Do Military Members Need An Emergency Fund?
Here’s a great Twitter question from a servicemember:
So how big should an emergency fund be for anyone in the military?
I understand the concern. The conventional advice is to keep at least six month’s expenses saved in an account that you can tap at a moment’s notice, and invested in liquid assets that won’t be hurt by stock-market volatility.
Unfortunately most of us end up putting the money in a “savings” account that only pays a fraction of a percent of interest. Others may take the extra steps of opening an online high-yield savings account or even a five-year CD (with penalties for early redemption) but the return is still barely 2%.

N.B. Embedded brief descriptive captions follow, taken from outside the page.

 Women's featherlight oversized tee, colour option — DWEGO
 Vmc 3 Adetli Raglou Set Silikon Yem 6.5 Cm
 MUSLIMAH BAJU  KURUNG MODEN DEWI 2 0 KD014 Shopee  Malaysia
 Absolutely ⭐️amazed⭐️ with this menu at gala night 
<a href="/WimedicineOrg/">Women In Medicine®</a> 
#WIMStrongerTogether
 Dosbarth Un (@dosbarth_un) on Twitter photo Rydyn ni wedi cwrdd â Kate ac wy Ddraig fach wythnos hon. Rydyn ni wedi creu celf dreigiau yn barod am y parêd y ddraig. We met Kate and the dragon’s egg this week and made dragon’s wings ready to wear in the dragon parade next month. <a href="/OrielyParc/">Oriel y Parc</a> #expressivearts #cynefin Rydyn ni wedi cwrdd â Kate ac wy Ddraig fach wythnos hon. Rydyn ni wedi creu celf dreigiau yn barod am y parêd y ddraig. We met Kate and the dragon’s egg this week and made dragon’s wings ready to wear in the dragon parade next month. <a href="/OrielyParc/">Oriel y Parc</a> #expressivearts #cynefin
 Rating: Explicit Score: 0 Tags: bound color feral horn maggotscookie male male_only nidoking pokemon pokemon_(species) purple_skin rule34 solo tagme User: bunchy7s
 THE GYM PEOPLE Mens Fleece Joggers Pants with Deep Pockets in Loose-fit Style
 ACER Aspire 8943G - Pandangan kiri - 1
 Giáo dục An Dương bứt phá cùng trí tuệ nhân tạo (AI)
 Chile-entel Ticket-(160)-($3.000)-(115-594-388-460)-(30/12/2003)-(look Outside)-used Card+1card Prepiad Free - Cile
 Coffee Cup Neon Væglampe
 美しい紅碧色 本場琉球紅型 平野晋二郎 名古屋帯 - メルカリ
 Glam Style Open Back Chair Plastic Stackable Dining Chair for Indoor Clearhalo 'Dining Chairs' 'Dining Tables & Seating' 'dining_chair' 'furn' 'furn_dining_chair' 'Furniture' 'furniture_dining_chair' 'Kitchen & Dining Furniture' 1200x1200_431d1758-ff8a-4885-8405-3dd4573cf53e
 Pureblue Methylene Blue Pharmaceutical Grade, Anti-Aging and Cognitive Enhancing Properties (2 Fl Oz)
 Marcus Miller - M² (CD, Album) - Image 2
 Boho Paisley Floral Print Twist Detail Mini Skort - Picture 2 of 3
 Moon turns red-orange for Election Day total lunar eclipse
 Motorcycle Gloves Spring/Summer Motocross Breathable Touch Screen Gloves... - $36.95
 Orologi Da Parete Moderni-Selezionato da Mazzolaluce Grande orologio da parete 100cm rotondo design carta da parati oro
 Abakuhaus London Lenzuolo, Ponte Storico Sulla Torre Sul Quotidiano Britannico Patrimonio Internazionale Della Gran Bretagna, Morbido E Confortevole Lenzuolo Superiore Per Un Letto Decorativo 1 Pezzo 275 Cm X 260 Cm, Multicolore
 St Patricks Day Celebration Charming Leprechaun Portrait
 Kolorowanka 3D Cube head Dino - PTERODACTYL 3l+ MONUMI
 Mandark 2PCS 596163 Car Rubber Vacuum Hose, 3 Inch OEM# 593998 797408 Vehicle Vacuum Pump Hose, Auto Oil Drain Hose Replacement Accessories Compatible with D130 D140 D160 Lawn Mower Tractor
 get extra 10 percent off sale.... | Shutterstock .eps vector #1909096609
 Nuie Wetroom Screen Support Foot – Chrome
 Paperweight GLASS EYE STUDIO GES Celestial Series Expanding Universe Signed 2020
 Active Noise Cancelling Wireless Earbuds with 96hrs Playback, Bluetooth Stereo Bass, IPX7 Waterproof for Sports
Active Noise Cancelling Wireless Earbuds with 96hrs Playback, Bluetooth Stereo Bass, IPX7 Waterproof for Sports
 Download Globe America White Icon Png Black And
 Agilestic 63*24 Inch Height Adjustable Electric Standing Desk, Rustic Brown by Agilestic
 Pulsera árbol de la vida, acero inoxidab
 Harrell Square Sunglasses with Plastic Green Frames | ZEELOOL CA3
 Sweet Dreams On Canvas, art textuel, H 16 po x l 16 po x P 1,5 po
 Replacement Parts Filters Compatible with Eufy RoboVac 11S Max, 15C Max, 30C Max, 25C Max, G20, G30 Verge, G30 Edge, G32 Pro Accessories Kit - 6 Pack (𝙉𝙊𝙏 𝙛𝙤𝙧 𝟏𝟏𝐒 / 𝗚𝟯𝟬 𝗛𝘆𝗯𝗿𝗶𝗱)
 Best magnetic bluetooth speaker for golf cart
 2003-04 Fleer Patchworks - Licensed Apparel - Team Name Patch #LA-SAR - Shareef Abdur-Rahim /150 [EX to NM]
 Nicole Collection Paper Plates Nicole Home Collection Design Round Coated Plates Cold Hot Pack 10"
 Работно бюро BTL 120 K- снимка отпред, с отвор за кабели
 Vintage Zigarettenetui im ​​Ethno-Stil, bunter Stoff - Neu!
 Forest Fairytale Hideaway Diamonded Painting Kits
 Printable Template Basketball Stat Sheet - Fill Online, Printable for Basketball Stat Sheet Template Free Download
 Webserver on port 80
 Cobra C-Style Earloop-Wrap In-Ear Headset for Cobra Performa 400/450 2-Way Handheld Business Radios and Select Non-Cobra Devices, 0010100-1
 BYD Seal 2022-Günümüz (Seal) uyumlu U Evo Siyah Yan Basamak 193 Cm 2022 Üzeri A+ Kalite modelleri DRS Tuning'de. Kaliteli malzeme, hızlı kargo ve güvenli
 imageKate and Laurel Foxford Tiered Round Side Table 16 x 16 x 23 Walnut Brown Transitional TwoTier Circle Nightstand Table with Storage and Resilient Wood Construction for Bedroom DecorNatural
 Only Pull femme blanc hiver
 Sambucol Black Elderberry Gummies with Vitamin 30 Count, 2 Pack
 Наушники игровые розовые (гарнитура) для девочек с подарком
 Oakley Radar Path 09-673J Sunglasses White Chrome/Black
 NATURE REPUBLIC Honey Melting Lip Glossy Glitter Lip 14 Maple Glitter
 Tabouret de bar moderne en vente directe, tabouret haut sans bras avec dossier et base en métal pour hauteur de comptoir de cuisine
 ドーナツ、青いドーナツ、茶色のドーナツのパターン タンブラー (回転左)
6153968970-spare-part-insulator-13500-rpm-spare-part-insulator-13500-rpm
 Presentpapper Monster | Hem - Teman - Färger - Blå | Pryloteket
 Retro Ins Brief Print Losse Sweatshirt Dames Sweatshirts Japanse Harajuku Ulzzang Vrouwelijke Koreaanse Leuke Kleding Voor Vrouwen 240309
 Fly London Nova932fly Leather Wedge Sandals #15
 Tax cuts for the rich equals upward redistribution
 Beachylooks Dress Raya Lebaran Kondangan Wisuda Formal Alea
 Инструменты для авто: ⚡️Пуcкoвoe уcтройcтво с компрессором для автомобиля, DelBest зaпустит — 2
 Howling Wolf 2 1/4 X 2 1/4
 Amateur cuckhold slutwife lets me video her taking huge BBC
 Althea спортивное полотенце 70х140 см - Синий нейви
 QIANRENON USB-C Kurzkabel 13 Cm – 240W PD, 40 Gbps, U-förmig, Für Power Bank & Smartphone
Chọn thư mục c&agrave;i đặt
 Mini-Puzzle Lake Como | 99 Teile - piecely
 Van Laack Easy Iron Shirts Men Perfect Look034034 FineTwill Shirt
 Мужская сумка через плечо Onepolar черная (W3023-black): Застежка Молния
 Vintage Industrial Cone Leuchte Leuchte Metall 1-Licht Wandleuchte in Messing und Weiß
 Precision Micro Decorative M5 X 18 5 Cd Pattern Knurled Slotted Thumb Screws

Conventional wisdom is great advice for a civilian. For most of the workforce, the “emergency” fund is a euphemism for “unemployment” or “health insurance deductible”.
However when you’re in the military then you could cut your emergency fund down to “vehicle repair” or “plane tickets for emergency leave”.
There’s an even more radical approach to an emergency fund. Roth IRA contributions can be withdrawn at any time for any reason with no taxes or penalties. Servicemembers & spouses could open an account and contribute the maximum, and then see whether they’ll ever need to withdraw any of it. They might get through years without touching it.
What if you’re still paying off consumer debt and haven’t started investing yet, let alone built up an emergency fund? That’s a tough situation because you’re still vulnerable to expensive vehicle repairs or any other unexpected expense. Servicemembers could try to tap into funds like advance pay or their relief societies. Of course those approaches have their own bureaucratic delays and you may not want to come to the command’s attention by taking these actions, but they offer huge peace of mind for a true emergency. Another option would be to divert $250-$500 of your debt payoff money to create a very small emergency fund in a savings account or a Roth IRA and then continue to pay off the rest of the consumer debt.
What if you’ve already built up a large emergency fund and decide to shrink it back down to a small amount in a taxable account or a Roth IRA? This is a good problem to have! One approach would be to boost your pay deductions to the Thrift Savings Plan (either the Roth TSP or the conventional TSP). You could attempt to maximize both your TSP and your Roth IRA contributions while spending down your emergency fund. One way to draw down that fund would be to raise your TSP deductions to 92% of your pay and live off your cash stash. “92%” is as high as myPay will let you go (they want the other 8% to pay your FICA deduction) and the TSP will automatically stop your deduction when you hit the contribution limit– whether than happens in December or even in June.
If you’re abruptly downsized by the military, of course, then your emergency fund will be your “job search fund”. The worst case I’ve heard of during this drawdown is two months’ notice, and most downsizing discharges have 6-12 months’ notice. You’d immediately stop your TSP/IRA contributions, cut your spending back to “deprivation” level, and pile up as much cash as possible while conducting as much of the job search as you could before your military paycheck stopped.
How much cash would you need for your military exit and your job search? That’s hard to predict because each bridge career has so many different decisions about your occupation, where you’ll live, and your expenses. It could take up to a year during a bad job market, but if you hit the search hard during your last few months of active duty (and your terminal leave) then you might not skip any paychecks. Save as much as you can, and remember that you’ll be cutting your expenses to the bone. Six months of a “job search fund” is a lot less than your typical spending budget. If you join the drilling Reserves or National Guard, or use your GI Bill benefits for a college degree or other certification, then you’ll stretch your transition fund even further.